O placar da votação em primeiro turno foi de 371 favoráveis contra 121 contrários, com três abstenções. No segundo turno da votação, o placar foi de 365 a 118. Com a aprovação, o texto segue para a promulgação.
A oposição tentou obstruir a votação, mas ao perceber o consenso e a maioria dos parlamentares a favor da proposta, decidiram mudar o voto para não. A líder do Novo na Câmara, deputada Adriana Ventura (Novo-SP), criticou a forma como a votação foi conduzida. "Lamento essa votação atropelada, porque a gente não pode votar algo que não consiga quantificar ou ter clareza, e pelo texto do Senado, há sim claramente aumento de alíquotas", disse.
Foi aprovado o parecer do relator, deputado Aguinaldo Ribeiro (PP-PB), que acatou boa parte das sugestões dos senadores depois de negociações com o objetivo de evitar o retorno da proposta (PEC 45/19) ao Senado. A proposta foi colocada em votação após reunião entre os presidentes da Câmara, Arthur Lira (PP-AL), e do Senado, Rodrigo Pacheco (PSD-MG), na tarde de quinta-feira (14).

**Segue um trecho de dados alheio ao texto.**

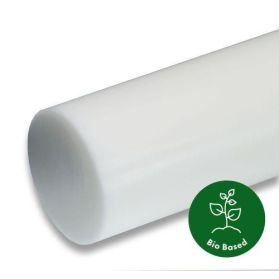 02320202 POM-C Bio Based round bar natural (white)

“Nós fizemos de uma forma a não ter devolução para o Senado. Nós nos manifestaremos hoje sobre o parecer e estaremos prontos para promulgar a reforma tributária no país”, disse o relator na Câmara, antes da votação.
Para ser promulgado, o texto de emenda constitucional precisava ser aprovado nas duas Casas em dois turnos. Dessa forma, havendo concordância sobre exclusões, elas preservam um texto não modificado e que pode ir à promulgação.

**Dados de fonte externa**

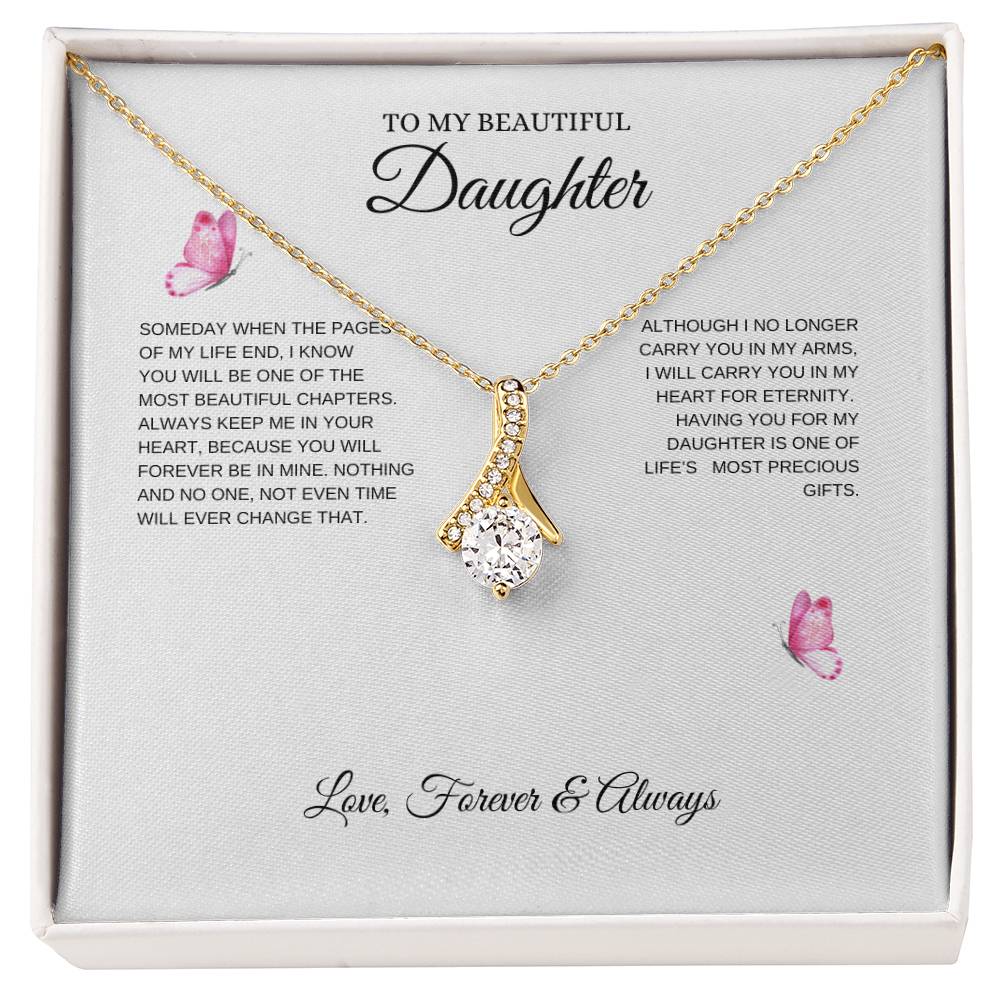 To My Daughter Alluring Beauty Necklace | Unique Gift for Daughter from Mom, Gift from Dad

O líder do governo na Câmara, deputado José Guimarães (PT-CE), afirmou na votação que eventuais mudanças propostas pela oposição não impedem a promulgação da medida já na próxima semana. “Mesmo tendo destaques que a oposição vai fazer, nós vamos chegar na votação com um texto redondo pronto para a publicação, porque era o maior desafio unificar o que nós votamos na Câmara e o que foi votado no Senado”, disse Guimarães.
Apoiada pelo governo, a PEC tem como premissa principal a criação de um sistema de Imposto sobre Valor Agregado (IVA) “dual”, formado pela Contribuição sobre Bens e Serviços (CBS), de competência da União, e pelo Imposto sobre Bens e Serviços (IBS), cuja responsabilidade será compartilhada entre estados e municípios. Serão extintos os atuais ICMS, ISS, PIS e Cofins.

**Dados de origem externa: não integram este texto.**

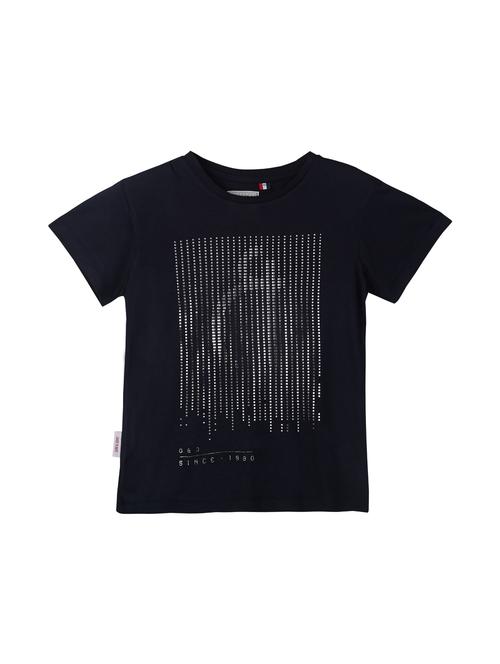 round neck quirky print t-shirt - 16593519 - Very Small Image - 1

Um dos principais impasses entre parlamentares dizia respeito à incidência da Contribuição sobre Intervenção de Domínio Econômico (Cide) sobre produtos que concorram com similares produzidos na Zona Franca de Manaus (ZFM). A cobrança foi incluída pelo relator da PEC no Senado, Eduardo Braga (MDB-AM), com o objetivo de manter a vantagem competitiva da região.
A arrecadação com a contribuição pesaria para os demais estados mas iria para um fundo que beneficiará o Amazonas. Na versão aprovada anteriormente na Câmara, a cobrança adicional para beneficiar a ZFM seria feita por meio do imposto seletivo, que é partilhado de forma mais igualitária entre todos os estados.
A solução encontrada foi eliminar a menção à Cide e excluir também dispositivo que extinguia o IPI quando a nova contribuição fosse instituída. Com isso, ao fim da transição para o novo modelo, o IPI terá as alíquotas zeradas para todos os produtos, exceto aos que têm industrialização incentivada na ZFM.
Entre outros pontos, o relator da proposta na Câmara também retirou do texto final algumas atividades que seriam beneficiados com isenção de IBS e CBS, como a aquisição de medicamentos e dispositivos médicos por entidades de assistência social sem fins lucrativos e compras pela administração pública.
Também foi suprimido da PEC a criação da chamada cesta básica estendida, que teria desconto de 60% de alíquota. Ficou mantida apenas a previsão de uma cesta básica mais restrita, que terá isenção tributária.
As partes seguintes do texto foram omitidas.